Re: [PATCH V4 05/14] blk-mq-sched: improve dispatching from sw queue

Ming Lei <ming.lei@xxxxxxxxxx> · Wed, 20 Sep 2017 10:37:40 +0800

Hi Jens,

Thanks for your comment!

On Tue, Sep 19, 2017 at 02:37:50PM -0600, Jens Axboe wrote:
> On 09/02/2017 09:17 AM, Ming Lei wrote:
> > @@ -142,18 +178,31 @@ void blk_mq_sched_dispatch_requests(struct blk_mq_hw_ctx *hctx)
> >  	if (!list_empty(&rq_list)) {
> >  		blk_mq_sched_mark_restart_hctx(hctx);
> >  		do_sched_dispatch = blk_mq_dispatch_rq_list(q, &rq_list);
> > -	} else if (!has_sched_dispatch) {
> > +	} else if (!has_sched_dispatch && !q->queue_depth) {
> > +		/*
> > +		 * If there is no per-request_queue depth, we
> > +		 * flush all requests in this hw queue, otherwise
> > +		 * pick up request one by one from sw queue for
> > +		 * avoiding to mess up I/O merge when dispatch
> > +		 * is busy, which can be triggered easily by
> > +		 * per-request_queue queue depth
> > +		 */
> >  		blk_mq_flush_busy_ctxs(hctx, &rq_list);
> >  		blk_mq_dispatch_rq_list(q, &rq_list);
> >  	}
> 
> I don't like this part at all. It's a heuristic, and on top of that,

Yeah, it is a heuristic for improving SCSI-MQ's performance.

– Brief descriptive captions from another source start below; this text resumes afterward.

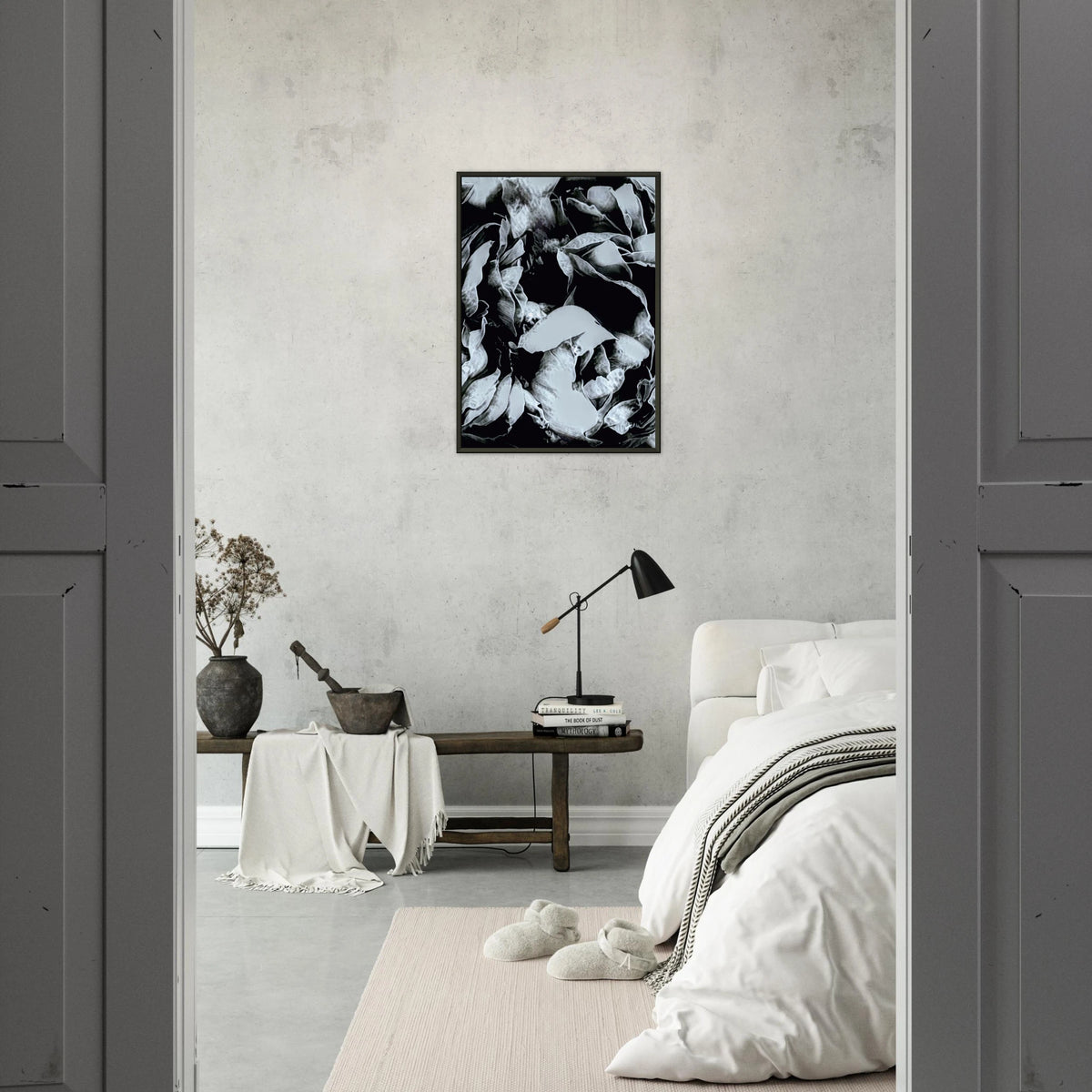 'LABYRINTH' framed fine art print hanging in a calm bedroom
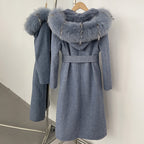 OFTBUY 100% Wool Coat with Real Fox Fur Trim & Rabbit Fur Lining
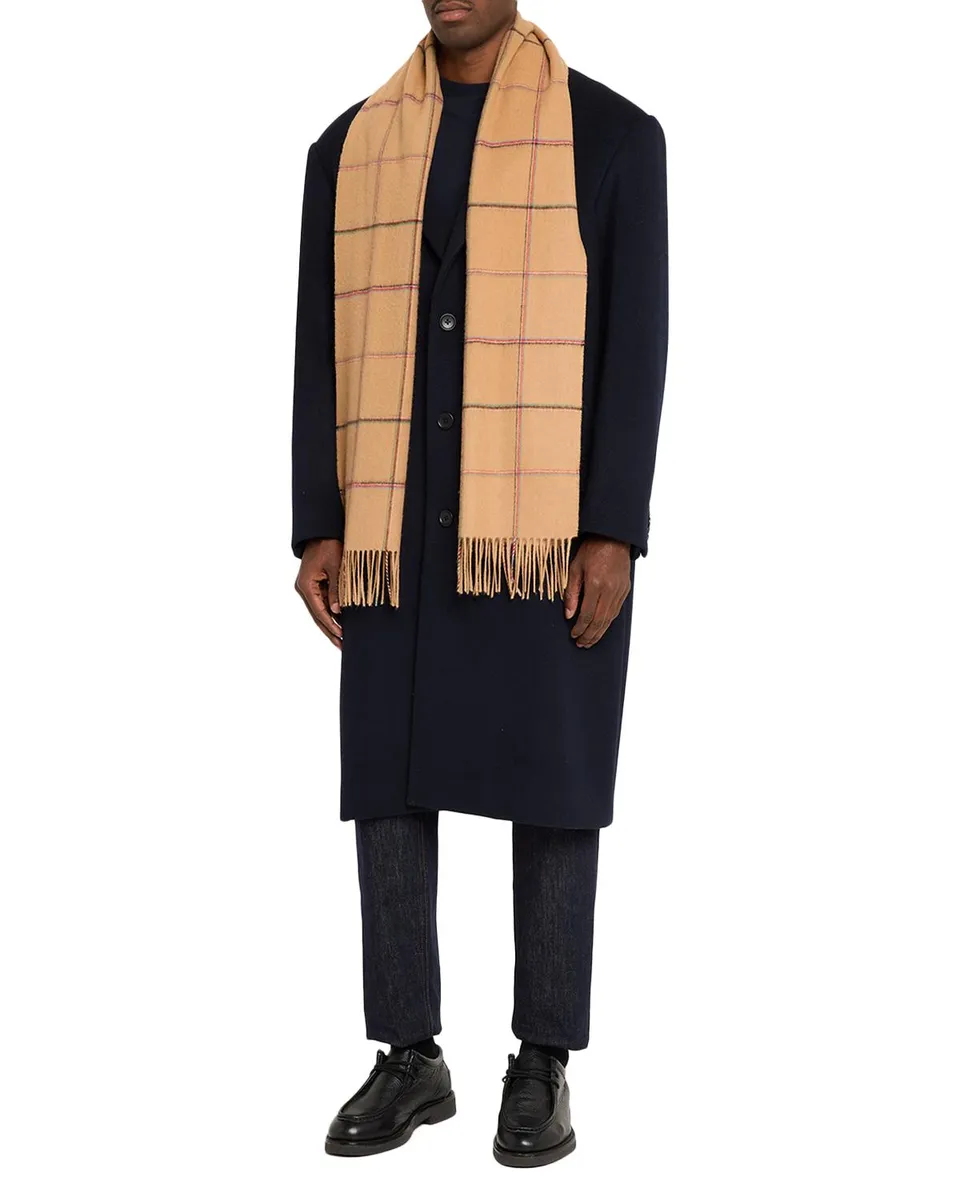 Paul Smith Men's Signature Stripe Windowpane Wool-Cashmere Scarf | Thumbnail 6 Paul Smith Men's Signature Stripe Windowpane Wool-Cashmere Scarf | Thumbnail 6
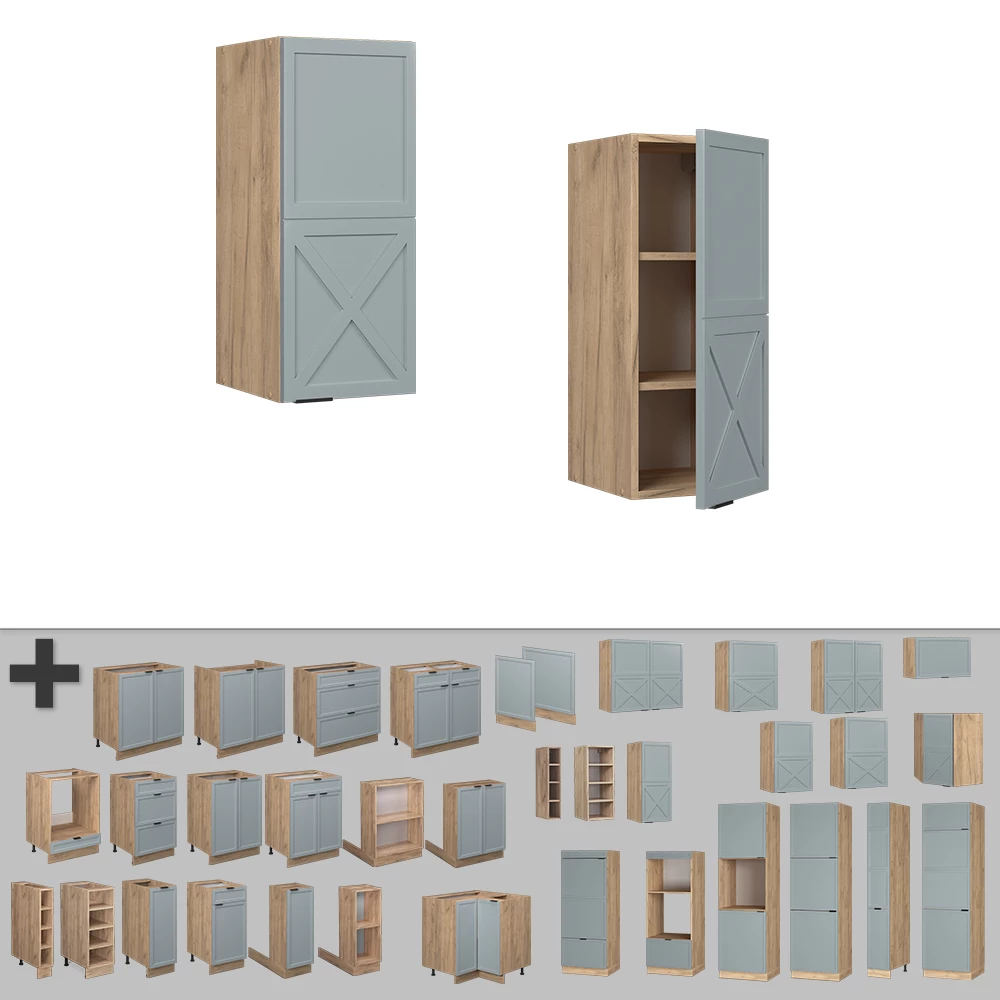 Nahaufnahme von Hängeschrank in Hellblau-grau, zeigt Textur/Details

> it's a heuristic based on a weak assumption that if q->queue_depth == 0,

Only SCSI sets q->queue_depth, which means all hw queues share
the global queue depth of q->queue_depth, once the total number
of in-flight requests from all hctx is bigger than q->queue_depth,
the queue will becomes BUSY.

> then we never run into BUSY constraints. I think that would be stronger
> if it was based on "is this using shared tags", but even that is not

IMO, it isn't related with shared tags, for example, SATA's
performance can be affected by SCSI_MQ, which has single tags.

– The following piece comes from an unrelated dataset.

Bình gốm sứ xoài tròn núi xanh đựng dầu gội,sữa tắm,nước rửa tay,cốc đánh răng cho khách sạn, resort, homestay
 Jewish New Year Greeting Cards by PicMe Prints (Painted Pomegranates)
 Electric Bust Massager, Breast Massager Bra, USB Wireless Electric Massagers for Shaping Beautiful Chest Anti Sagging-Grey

The root cause is that limits of q->queue_depth and SCSI's
.cmd_per_lun inside SCSI, which will cause device to return
BLK_STS_RESOURCE because IO scheduler queue depth is usually
bigger than q->queue_depth, and it can be quite worse especially
in case of shared tags.

> great at all. It's perfectly possible to have a shared tags setup and
> never run into resource constraints. The opposite condition is also true

As I explained, it isn't related with shared tags, either shared tags
or single tags may run into resource constraints, SCSI has both
shared/single tags cases, and all have this issue if q->queue_depth
set.

> - you can run without shared tags, and yet hit resource constraints
> constantly. Hence this is NOT a good test for deciding whether to flush
> everything at once or not. In short, I think a much better test case
> would be "has this device ever returned BLK_STS_RESOURCE. As it so
> happens, that's easy enough to keep track of and base this test on.

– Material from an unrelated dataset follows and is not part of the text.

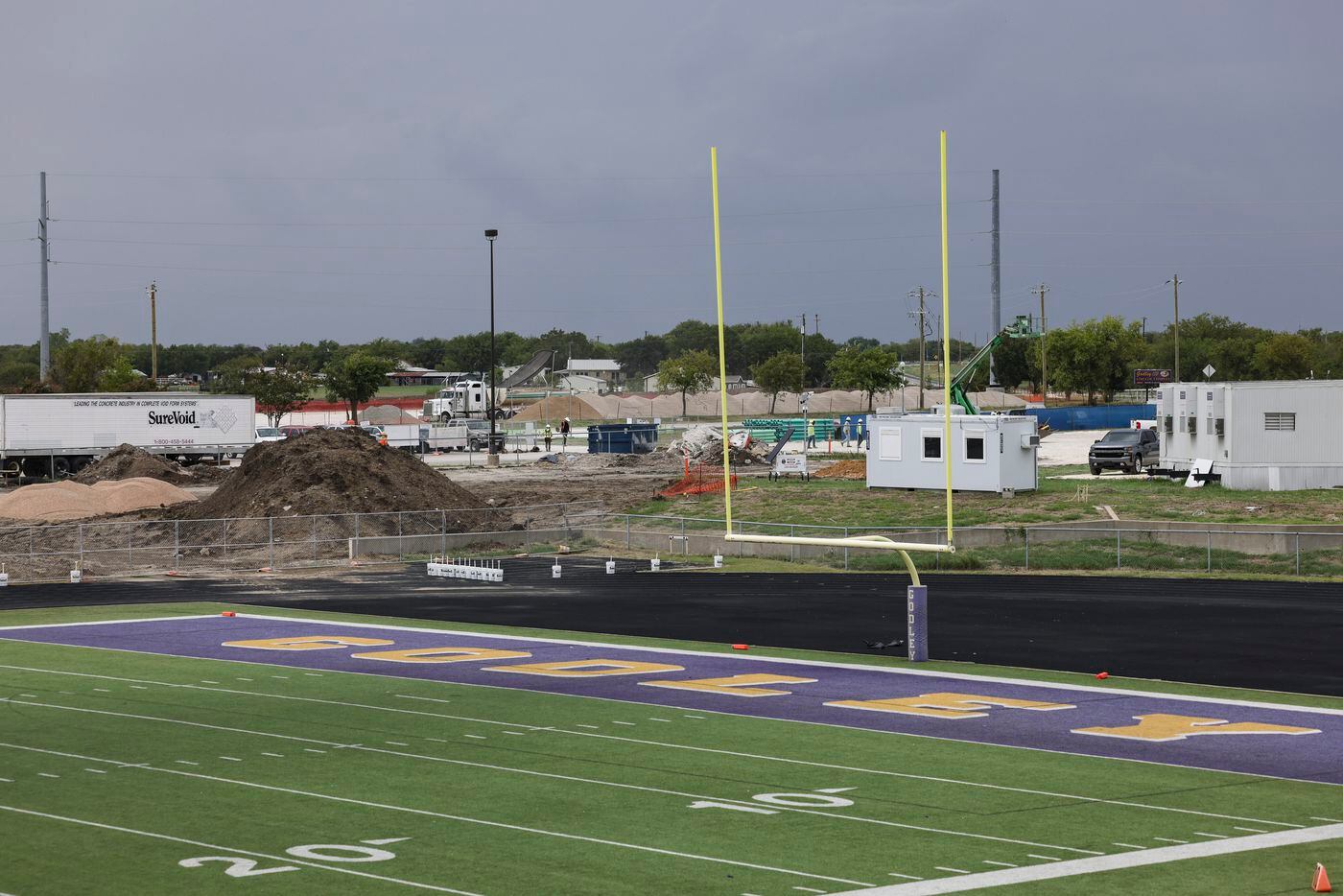 Construction is ongoing behind Wildcat Stadium in Godley.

OK, looks we can try to flush all first, and switch to pick one by
one if device ever returned BLK_STS_RESOURCE. Are you fine with
this way? Or better suggestion?

> 
> Additionally, this further differentiates dispatch cases. I'd much
> rather just have one sane dispatch case. I realize we are balancing
> between performance/scalability and practical cases like merging here,
> but it should not be impossible to do.

Yeah, I agree, but both flush_all and pick one by one aren't invented
by this patch, :-)

-- 
Ming